<h2>Introduction</h2>

In this competition, participants must help robots recognize the floor surface they’re standing on using data collected from sensors.

In [None]:
import os
import time
import numpy as np
import pandas as pd
import seaborn as sns
import matplotlib.pyplot as plt
from sklearn.preprocessing import LabelEncoder
from sklearn.model_selection import StratifiedKFold, KFold, RepeatedKFold
import lightgbm as lgb
sns.set()

print("Files in the input folder:")
print(os.listdir("../input"))
train = pd.read_csv('../input/X_train.csv')
test = pd.read_csv('../input/X_test.csv')
y = pd.read_csv('../input/y_train.csv')
sub = pd.read_csv('../input/sample_submission.csv')
print("\nX_train shape: {}, X_test shape: {}".format(train.shape, test.shape))
print("y_train shape: {}, submission shape: {}".format(y.shape, sub.shape))

In [None]:
train.head()

<h3>Data structure</h3>

Each series has 128 measurements, that's why there are almost half million rows at x_train, but only 3810 outputs (y_train). For each measurement we have ten features, which are basically the orientation, angular velocity and acceleration in three dimensions. The orientation channel has a fourth dimension since it's using [quaternions](https://en.wikipedia.org/wiki/Conversion_between_quaternions_and_Euler_angles).

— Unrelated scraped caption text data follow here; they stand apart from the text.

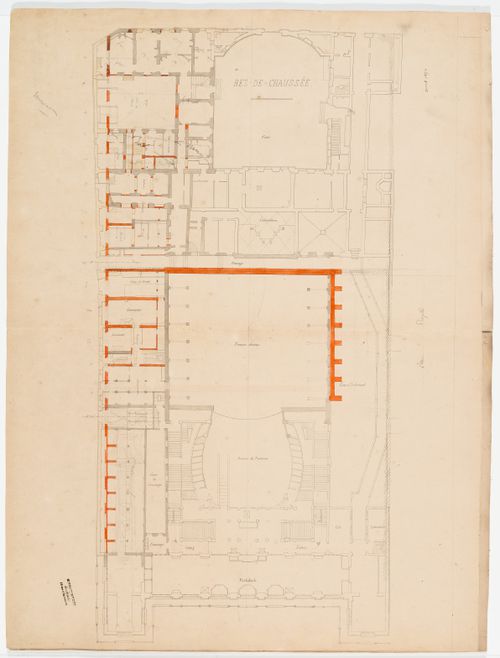 Ground floor plan of Salle Le Peletier with additions for alterations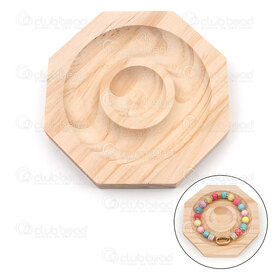 4001-0019-1 - Bois Presentoir Bracelet Octogonal 9.5x9.5x1.5cm Naturel 2pcs 4001-0019-1,Présentoirs,montreal, quebec, canada, beads, wholesale
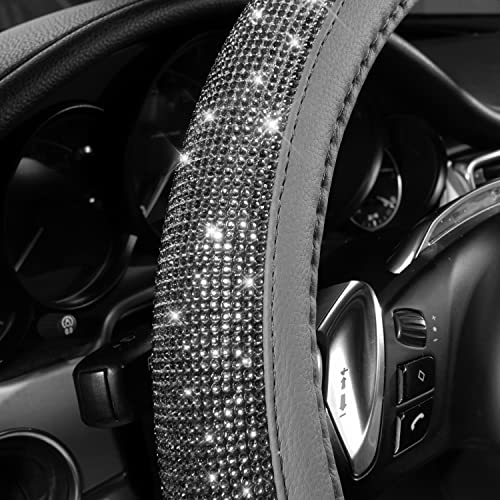 Image of CAR PASS Bling Diamond Leather Steering Wheel Cover, with Bling Sparkly Crystal Glitter Rhinestones Universal Fit 14 inch 1 /2-15 inch Car Wheel Protector for Women Girl Fit Suvs,Vans,Sedans,Cars,Trucks, Gray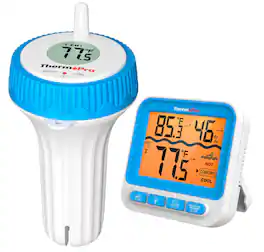 ThermoPro - Digital Pool Thermometer Floating Easy Read, Large Size Water Thermometer for Cold Plunge, Bath, SPA - Blue / White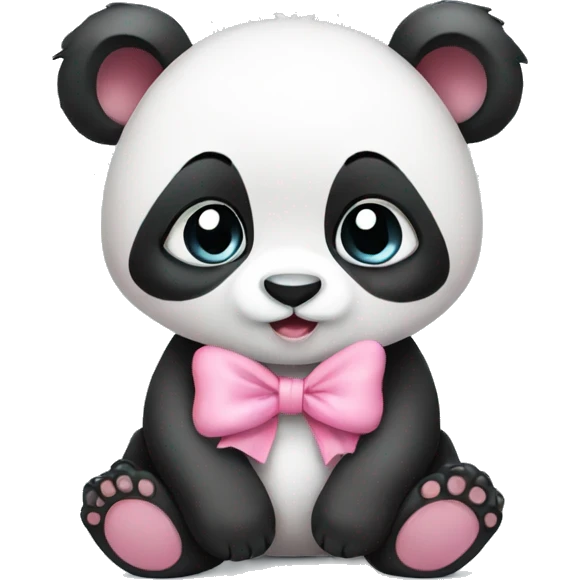 Baby Panda with pink bow  emoji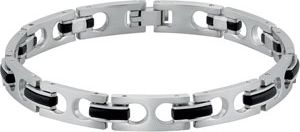 Stainless Steel Link Bracelet with Rubber Accents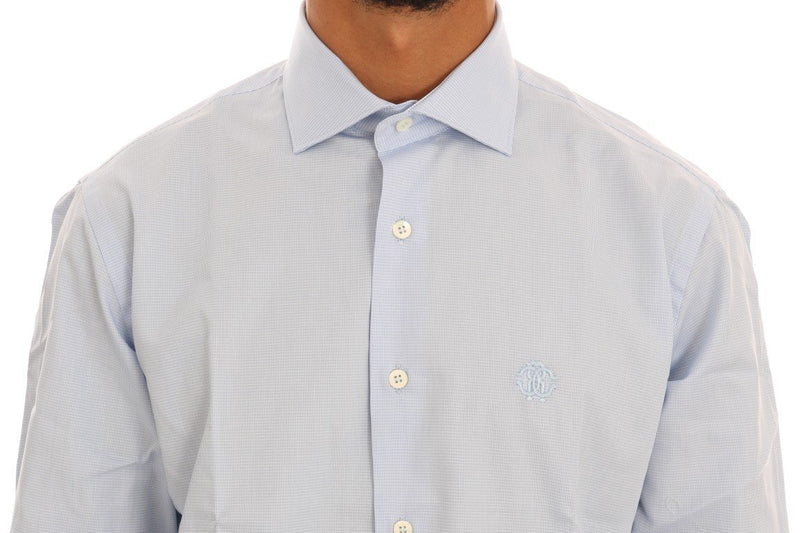 Blue Cotton Slim Fit Dress Shirt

This is a classification problem with nine possible classes (floor surfaces):

In [None]:
plt.figure(figsize=(10,6))
plt.title("Training labels")
ax = sns.countplot(y='surface', data=y)
y.head(3)

Each group_id is a unique recording session and has only one surface type:

In [None]:
y.groupby('group_id').surface.nunique().max()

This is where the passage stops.